Solitamente non amo le ambientazioni italiane, non chiedetemi il perché, non lo so nemmeno io. Questa volta invece la stazione di Milano mi ha affascinato moltissimo, lo stesso luogo ha finito per diventare uno dei personaggi della storia, uno dei principali addirittura. E' infatti quasi totalmente all'interno delle sue viscere che si svolge l'intera vicenda. Anche i personaggi in carne e ossa sono ben costruiti e la ricchezza di dettagli sulla loro vita li rende così reali che mi sembrava di conoscerli davvero anche nella vita reale.

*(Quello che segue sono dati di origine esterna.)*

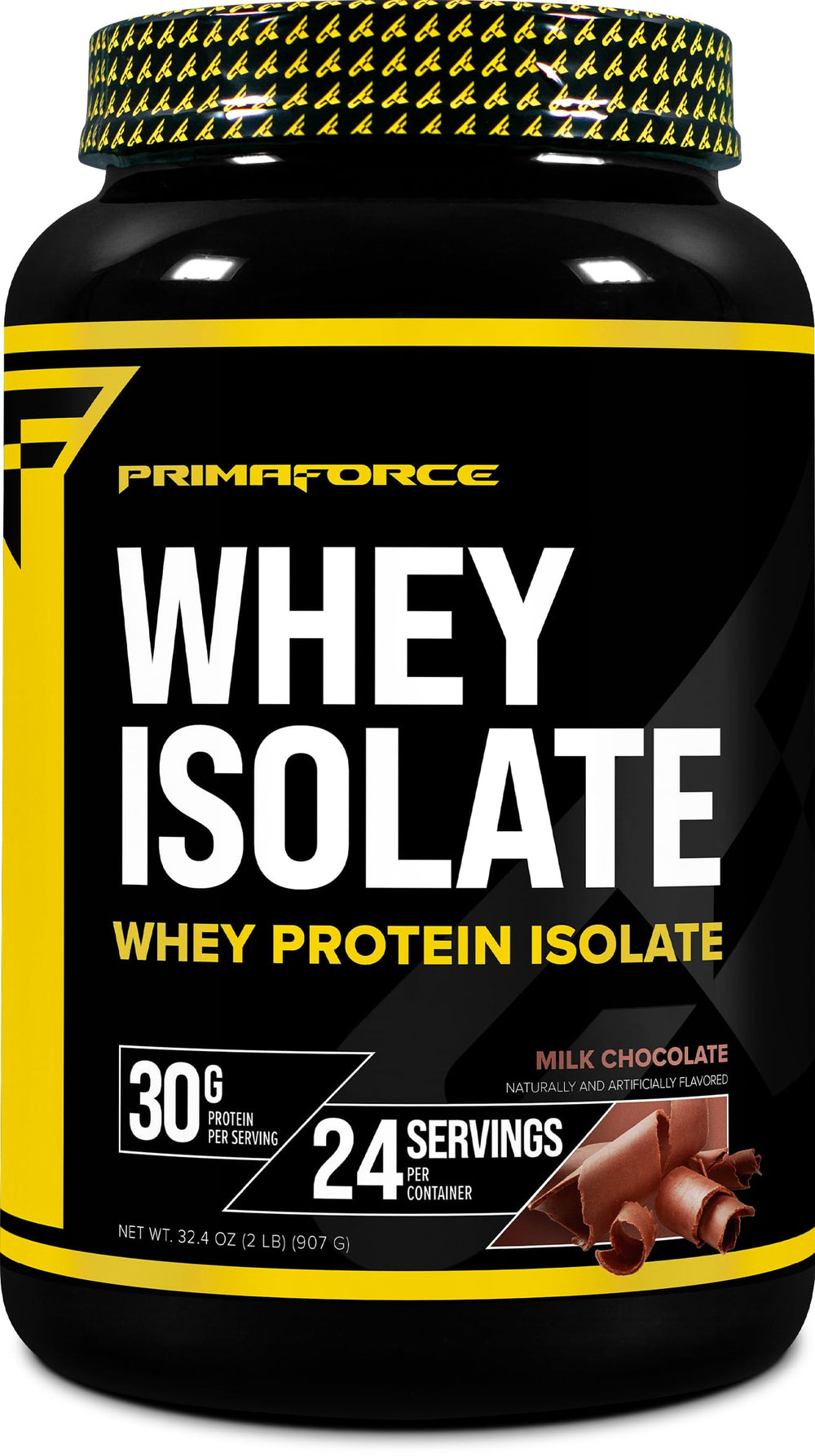 Primaforce Whey Protein Isolate Powder Chocolate flavor container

Quello che può trarre in inganno è la classificazione a thriller che molti hanno fatto, questo libro è difficilmente etichettabile ad un solo genere, al suo interno troviamo note di thriller certo, ma anche il profumo dell'horror e qualche vago sentore di storico. Scopriremo infatti che anche se ci troviamo nel 2003 la trama affonda le sue radici fin nell'epoca del fascismo.
L'autore poi ci fa viaggiare lontano, portandoci fino in Africa per conoscere le leggende della religione vodoo, ovunque si nota l'accuratezza della ricerca storica che c'è dietro al libro ed è inevitabile non lasciarsi affascinare.
In conclusione, sì sicuramente è un libro prolisso e forse si sarebbe potuto fare a meno di centinaia di pagine dopotutto poco sopra io ve l'ho riassunto in pochissime righe, ma la vera domanda non è se si può fare a meno di alcune pagine, ma se davvero lo si vuole. E onestamente la mia risposta è no. Certo il testo non è un capolavoro letterario, ma io mi sono affezionata ad ognuna di quelle 870 pagine. Quelle pagine mi hanno trascinato in una storia che mi ha portato via dalla mia vita quotidiana facendomi dimenticare problemi e doveri. Quindi, a mio modesto parere, quando un libro è capace di portarti via dalla tua stessa vita per la lunghezza di ottocento e passa pagine, quello è un buon libro. E pur amando i grandi capolavori della letteratura e riconoscendone la grandezza io sono dell'idea che al giorno d'oggi con la vita che ci troviamo a vivere ci sia sempre un immenso bisogno di buoni libri.
Perciò se la pensate come me, mettetevi comodi in poltrona e iniziate a leggere "La Stazione" non ve ne pentirete.